Her findings indicated that the NIH database outperformed Bruker's database and that the best results were obtained when researchers used the same extraction method for identifying their isolates as was used to generate the databases they were searching against. For instance, if researchers used direct extraction from solid media, they got the best results searching against a database – like the NIH database – that was built using direct extraction, and vice versa.
Assuming one extraction method becomes dominant in the field, Lau's findings could have implications for platform adoption. For instance, if direct extraction becomes the preferred method – an occurrence Ledeboer said he considered most likely given its advantage in turnaround time – that could impact the utility of Bruker's broth-based database. Like NIH, BioMérieux, Bruker's main commercial competitor in this space, is pursuing the direct extraction route.

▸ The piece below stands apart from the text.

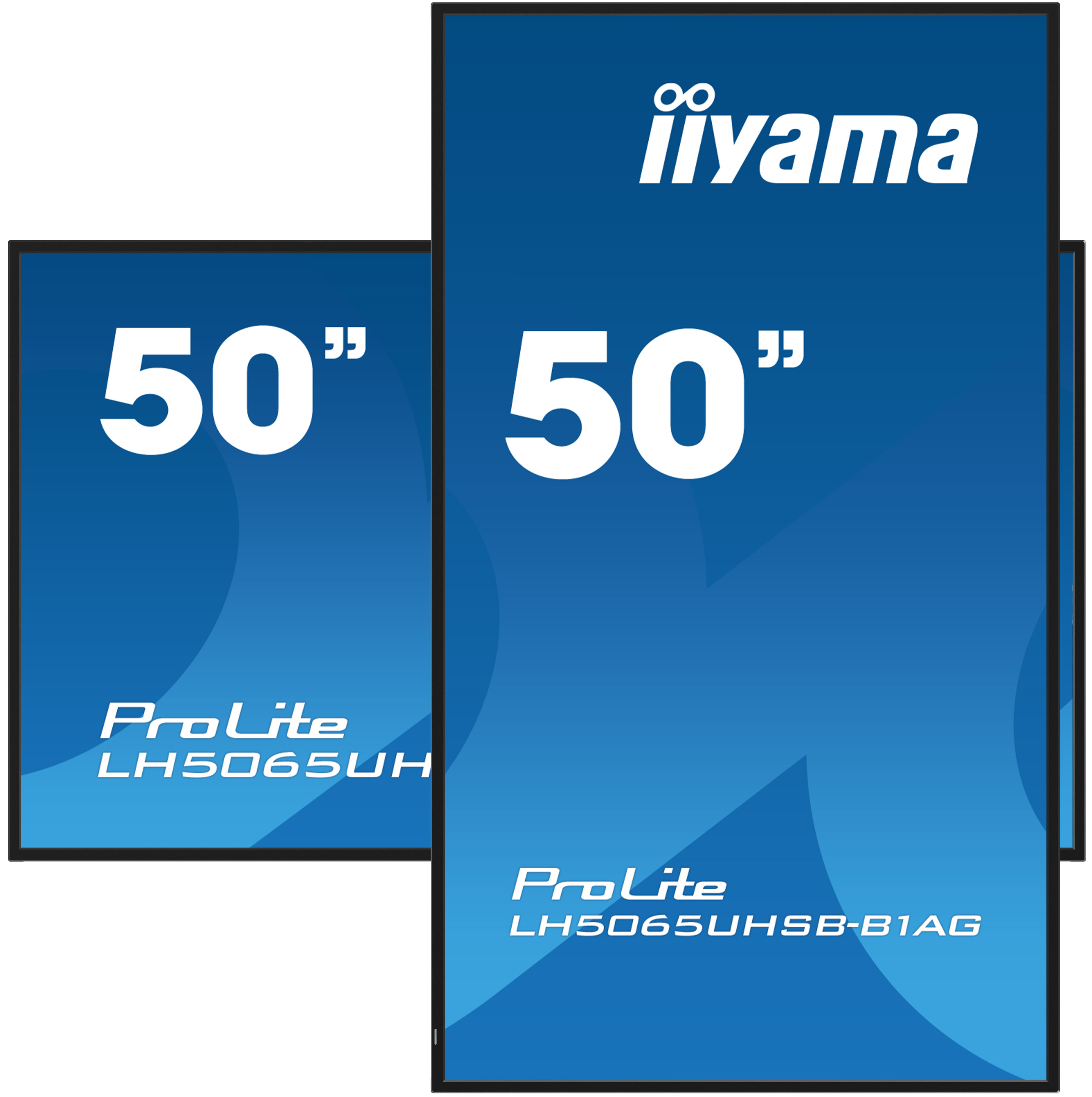 iiyama ProLite LH5065UHSB-B1AG - 50" 4K Digital Signage Display, 800 cd/m², Anti-Glare, Android 11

Lau did note, though, that while Bruker's database doesn't work well with direct extraction for some organisms, it does perform well on some of the more common molds like Aspergillus fumigatus.

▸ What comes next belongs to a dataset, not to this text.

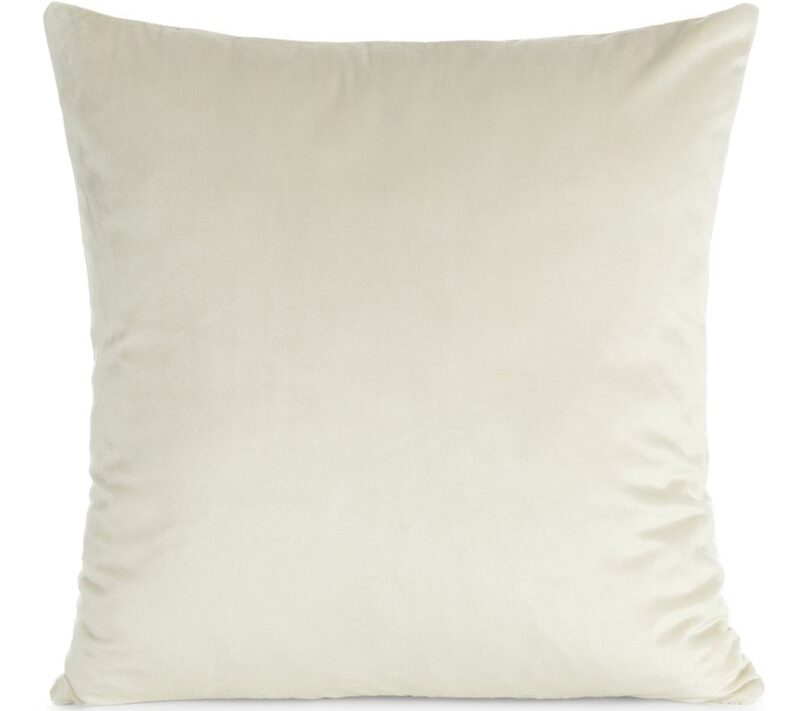 Poszewka Gaja kremowa 45 x 45 cm – miękka i welwetowa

In an email to ProteoMonitor, Markus Kostrzewa, Bruker's vice president, clinical mass spectrometry R&D, echoed this comment, noting that while "generally it is preferable to use the method which has been used for creation of the database when identification is performed ... this does not mean that generally no identification is possible with solid medium cultivation against the Bruker database."
A common workflow being used by labs using the Bruker database, he said, is to try direct extraction first to see if a good match can be made that way, followed by culturing in broth if this initial attempt doesn't provide a good result.
"As no misidentifications because of using one method with the other database [have been] reported, nothing argues against combining both approaches," he said.